I'm trying to find a function $g$ that satisfies $$g\big(x,\ 2y(1-y)\big)=2g(x,\ y)\big(1-g(x,\ y)\big)$$ for all $x,y∈\mathbb{Z}$ and whose output also lies in $\mathbb{Z}$. Another requirement is symmetry: $g(x,y)=g(y,x)$, and associativity is highly desirable too: $g(x,g(y,z))=g(g(x,y),z)$.
One obvoius fact is that it the equation instanlty defines the value of $g$ at a non-integer point $(x,1/2)$, namely plugging into the equation and rearranging gives $g(x,1/2)=1/2$ for all $x$, but apart from that, I'm stuck.
A slightly broader version of the problem actually involves two integer-valued functions, $g_1$ and $g_2$, the equations defining them being
$$g_1(x_1,\ a_1b_1) = g_1(x_1,\ a_1)g(x_2,\ a_2)$$
for which I figured a solution
$$g_1(x_1,y_1)=\prod\limits_{p∈\mathbb{P}}p^{v_p(x_1)v_p(y_1)}$$
where the product is taken over the set of prime numbers and $v_p(x)$ is the $p$-valuation of x, i.e. the power of $p$ in the factorization of $x$. It is commutative and assocaitive and distributes over multiplication, which is kinda the whole point of the equation. (by the way, does this function, $g_1$, have a common name? it looks quite general and number-theoretic)

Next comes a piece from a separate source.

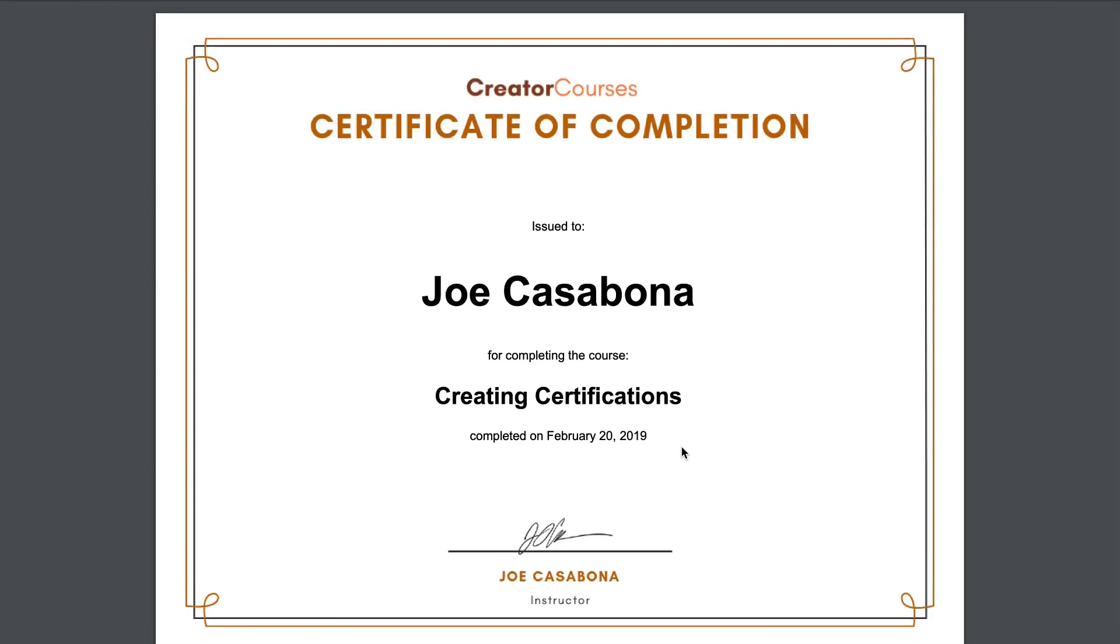So that's it for this video. In it we looked at how to find a good template using canva.com, we learned how to design a certificate template that works for the LearnDash certificate creator, and then we created a nice looking certificate to issue to our students when they complete the course.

For $g_2$, the equation is the following:
$$g_2(x_1,\ x_2,\ a_1b_1,\ a_1^2b_2+a_2b_1^2-2a_2b_2)=g_1(x_1,\ a_1)^2g_2(x_1,\ x_2,\ b_1,\ b_2)+g_2(x_1,\ x_2,\ a_1,\ a_2)g_1(x_1,\ b_1)^2-2g_2(x_1,\ x_2,\ a_1,\ a_2)g_2(x_1,\ x_2,\ b_1,\ b_2)$$
For which plugging $y_1=a_1=b_1,\ y_2=a_2=b_2$ for simplification and replacing $g_1$'s with the prime number thing yields
$$g_2\big(x_1,\ x_2,\ y_1^2,\ 2y_2(y_1^2-y_2)\big)=2g_2(x_1,\ x_2,\ y_1,\ y_2)\bigg(\prod\limits_{p∈\mathbb{P}}p^{v_p(x_1)v_p(y_1)} - g_2(x_1,\ x_2,\ y_1,\ y_2)\bigg)$$
The problem I described in the beginning is this second equation under the requirement $x_1=y_1=1$ which I have had some vague reasons to impose.
So, any suggestions on how to solve any of this, or at least make a few more steps towards the solution, would be extremely helpful!